Imagine looking at a coral reef from above the crystal clear waters. The formations, colors and marine life are visible below. You can recognize them for what they are, but there’s an invisible barrier that’s altering the true reality of their appearance. Things often look bigger and more important than they are. It’s only when we pierce the barrier and experience the reef up close, view it from within the water, that the full richness of the ecosystem reveals itself.

As the notion of our skewed perception grew stronger, we decided to set out on an epic 10-month journey we called the ‘Circle the Pacific Tour’ with the goal of discovering how others viewed reality. If you’re intrigued about what backpacking through several continents, visiting remote villages and becoming immersed in their cultures was like, you can read our chronicle of the full adventure here.

During that time, the amount we learned about life and relationships was staggering and beyond any expectations we had for our trip. It spurred profound personal discoveries and a much-needed reality check that still positively reverberates through our lives today.

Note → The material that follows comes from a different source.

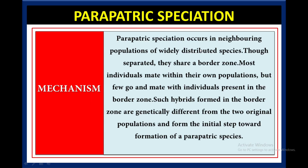Now we will talk about the mechanism of parapatric speciation. Parapatric speciation occurs in neighboring populations of widely distributed species. Though separated, they share a border zone, which is called the reproductive zone or hybrid zone. Most individuals mate within their own population, but a few go and meet with individuals in the border zone. Such hybrids formed in this border zone are genetically different from the two original populations and form the initial step toward formation of parapatric species.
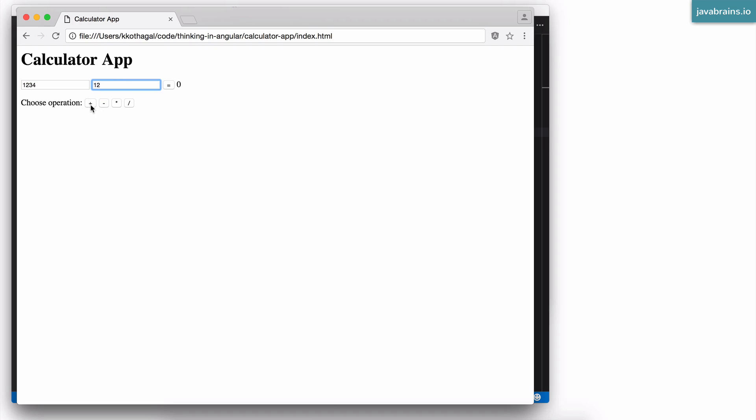And we have these operations over here. So you can choose from one of these operations. You have addition, subtraction, multiplication, and division for the four buttons. If I click on one of these buttons, it's going to choose that operation for calculation. And depending on which button I choose, the right operation gets selected.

Our travels certainly tested our relationship and challenged the long-standing views we held that guided us through life up to that point. It’s amazing what you encounter while traveling to the Bolivian salt plains, or deep in the Amazon jungle. Life is very different when experienced from a remote Laotian village in Southeast Asia. Though, large families shared sparse dwellings that were no larger than a small garage, there was still a buoyant pride and calm satisfaction in their facial expression. They can provide all of us with important insights on how to lead fulfilled lives with less.

Upon our return, a casual stroll down Market Street would never be the same.